Joan Ockman

Professor Adjunct

Joan Ockman is Distinguished Senior Fellow at the University of Pennsylvania School of Design and Visiting Professor at Cooper Union and Cornell University School of Architecture. She taught for over two decades at Columbia University’s Graduate School of Architecture, Planning and Preservation, where she also directed the Temple Hoyne Buell Center for the Study of American Architecture from 1994 to 2008 and was responsible for a multifaceted program of lectures, publications, and exhibitions.
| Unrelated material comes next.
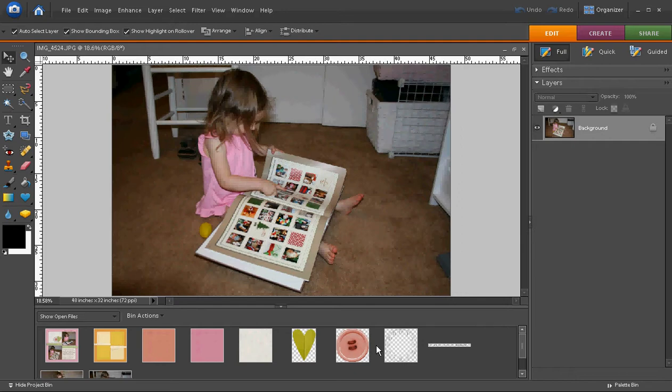From here the next step is to open a new blank document or to find and open a layered template which comes in the form of a .psd or Photoshop file format. You can certainly design and create your own scrapbook page from scratch, but layered templates are a great option for saving time, perfect for beginning scrapbookers because a lot of the design work is already done for you.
Among her numerous publications on the history, theory, and criticism of architecture are Architecture School: Three Centuries of Educating Architects in North America (2012), The Pragmatist Imagination: Thinking about Things in the Making (2000), and the award-winning Architecture Culture 1943–1968: A Documentary Anthology (1993). Educated at Harvard and at Cooper Union School of Architecture, she began her career at the Institute for Architecture and Urban Studies in New York in the 1970s, where she served as an editor of the journal Oppositions and was responsible for the Oppositions Books series. She is currently completing a collection of essays titled Architecture Among Other Things, for which she received a Graham Foundation grant in 2015, which will appear from Actar next year; and is collaborating on a major new history of modern architecture, to be published by Thames & Hudson in 2020.

View Joan Ockman's CV here.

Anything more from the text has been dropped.